- [Directions]: An exact copy of the lines of the listing below between the "Johnny Urban T-Shirt" line and the "Chicago White Sox" line, both included, is the whole answer; please omit the pictures.

- [Input records]:
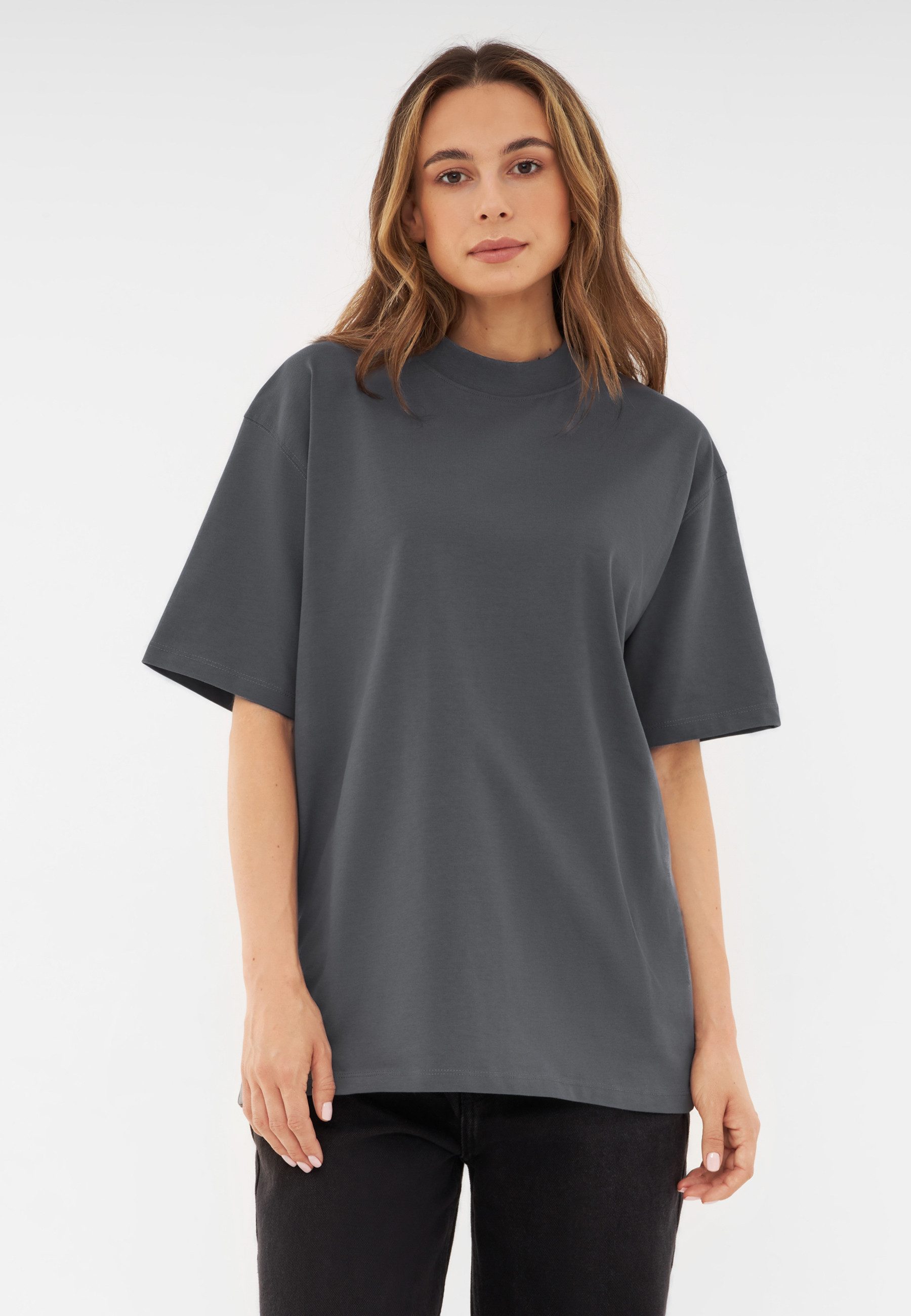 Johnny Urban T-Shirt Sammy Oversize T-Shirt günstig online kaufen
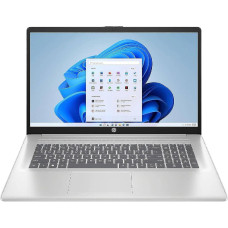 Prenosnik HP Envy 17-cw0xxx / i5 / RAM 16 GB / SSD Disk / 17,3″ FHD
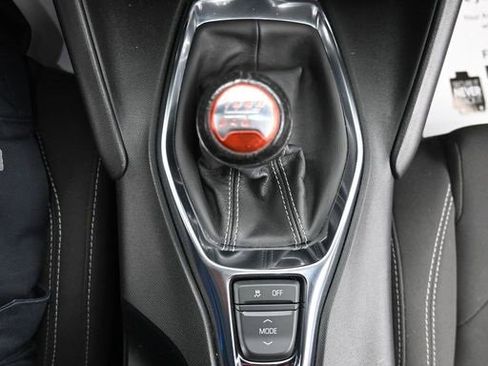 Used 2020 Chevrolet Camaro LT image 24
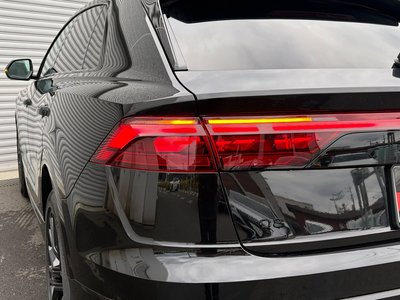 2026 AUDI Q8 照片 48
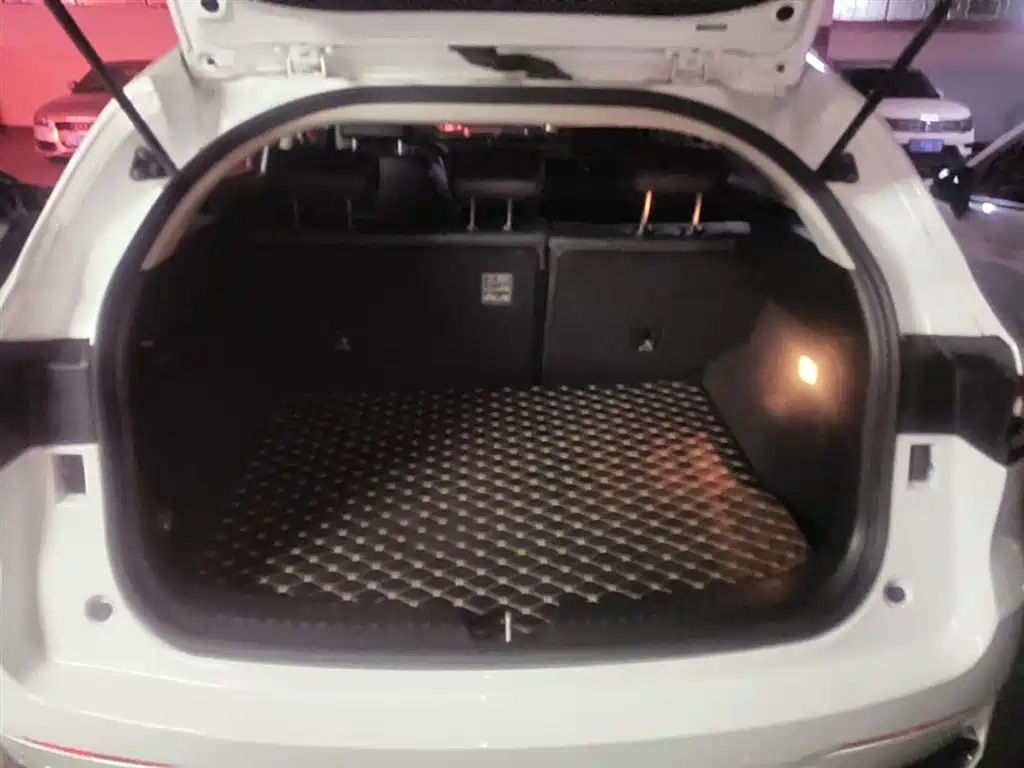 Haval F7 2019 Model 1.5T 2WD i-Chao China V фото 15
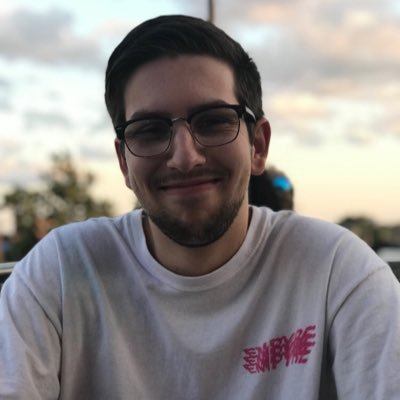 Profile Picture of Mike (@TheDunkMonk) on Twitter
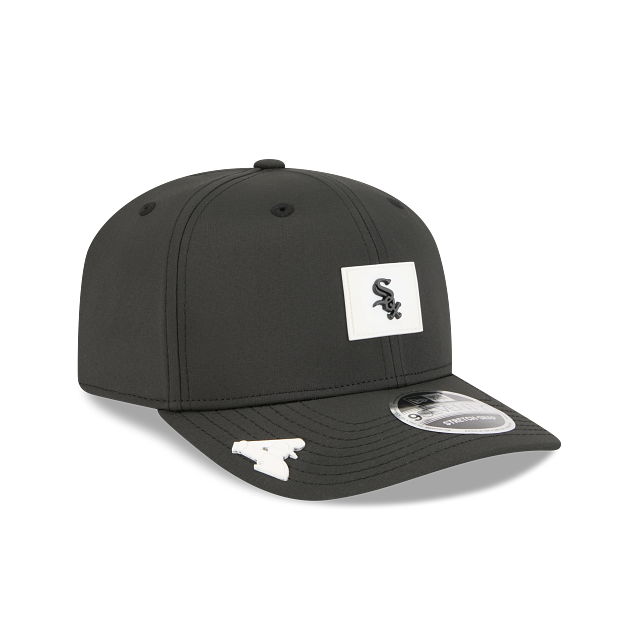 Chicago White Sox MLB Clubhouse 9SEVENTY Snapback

--

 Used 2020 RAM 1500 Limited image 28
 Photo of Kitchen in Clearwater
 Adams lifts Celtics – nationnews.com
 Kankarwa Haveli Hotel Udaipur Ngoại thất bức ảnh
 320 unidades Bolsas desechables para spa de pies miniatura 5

---

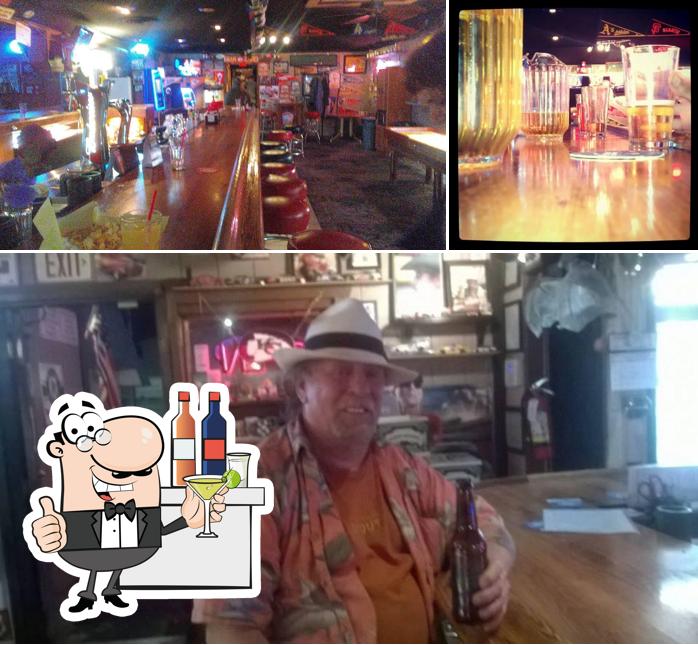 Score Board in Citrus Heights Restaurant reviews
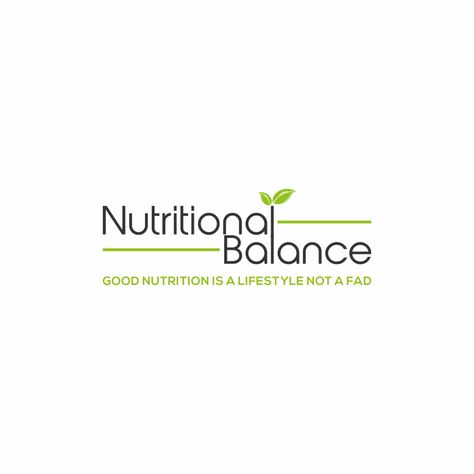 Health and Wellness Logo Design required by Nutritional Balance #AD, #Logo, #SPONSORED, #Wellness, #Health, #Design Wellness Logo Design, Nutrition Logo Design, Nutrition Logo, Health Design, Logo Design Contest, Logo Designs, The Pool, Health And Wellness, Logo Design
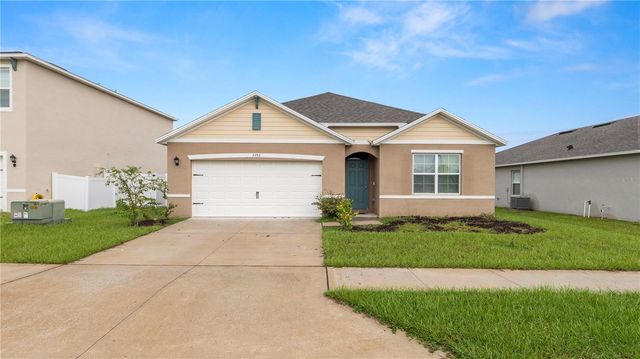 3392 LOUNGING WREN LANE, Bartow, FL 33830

- [Exercise result]:
 Johnny Urban T-Shirt Sammy Oversize T-Shirt günstig online kaufen
 Prenosnik HP Envy 17-cw0xxx / i5 / RAM 16 GB / SSD Disk / 17,3″ FHD
 Used 2020 Chevrolet Camaro LT image 24
 2026 AUDI Q8 照片 48
 Haval F7 2019 Model 1.5T 2WD i-Chao China V фото 15
 Profile Picture of Mike (@TheDunkMonk) on Twitter
 Chicago White Sox MLB Clubhouse 9SEVENTY Snapback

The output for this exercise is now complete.